Dataset excerpt —
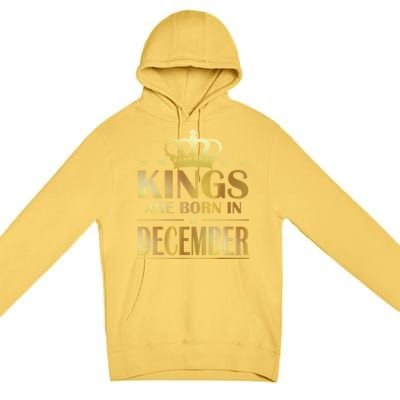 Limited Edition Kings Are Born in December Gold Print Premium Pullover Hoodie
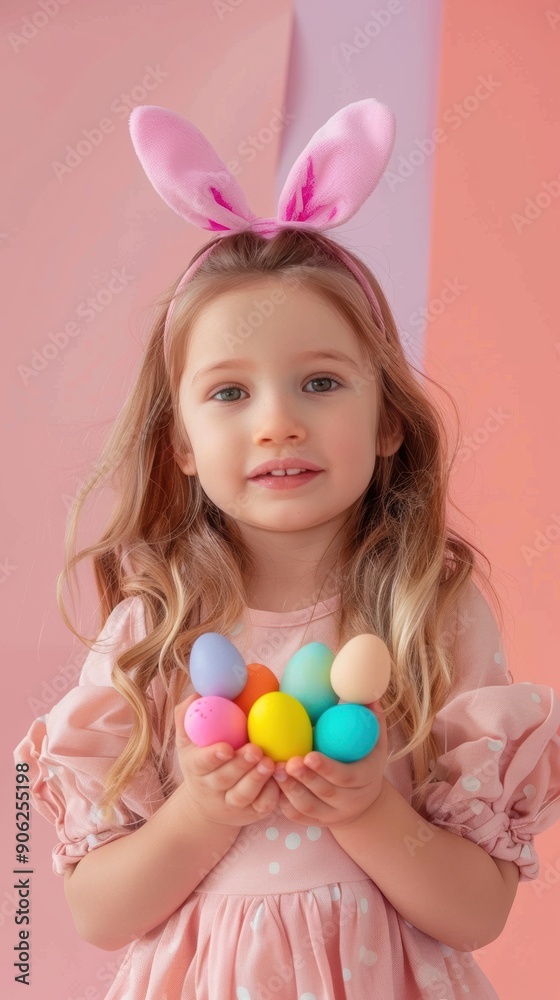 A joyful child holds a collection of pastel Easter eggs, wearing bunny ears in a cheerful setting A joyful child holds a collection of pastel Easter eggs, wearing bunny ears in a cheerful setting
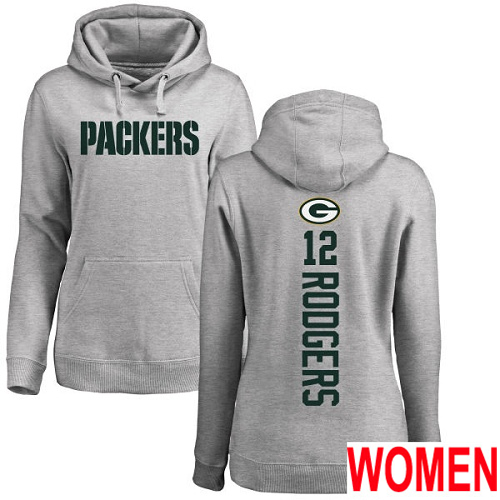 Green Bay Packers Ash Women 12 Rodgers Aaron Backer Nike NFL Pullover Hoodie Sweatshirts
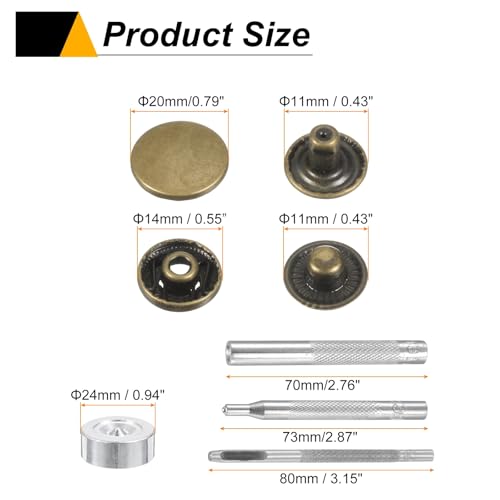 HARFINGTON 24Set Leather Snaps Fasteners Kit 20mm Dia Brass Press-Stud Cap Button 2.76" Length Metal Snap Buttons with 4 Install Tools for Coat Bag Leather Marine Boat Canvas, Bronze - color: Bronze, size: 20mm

Task prompt — Give the material above again exactly as it stands, minus any images.

Written answer —
 Limited Edition Kings Are Born in December Gold Print Premium Pullover Hoodie
 A joyful child holds a collection of pastel Easter eggs, wearing bunny ears in a cheerful setting A joyful child holds a collection of pastel Easter eggs, wearing bunny ears in a cheerful setting
 Green Bay Packers Ash Women 12 Rodgers Aaron Backer Nike NFL Pullover Hoodie Sweatshirts
 HARFINGTON 24Set Leather Snaps Fasteners Kit 20mm Dia Brass Press-Stud Cap Button 2.76" Length Metal Snap Buttons with 4 Install Tools for Coat Bag Leather Marine Boat Canvas, Bronze - color: Bronze, size: 20mm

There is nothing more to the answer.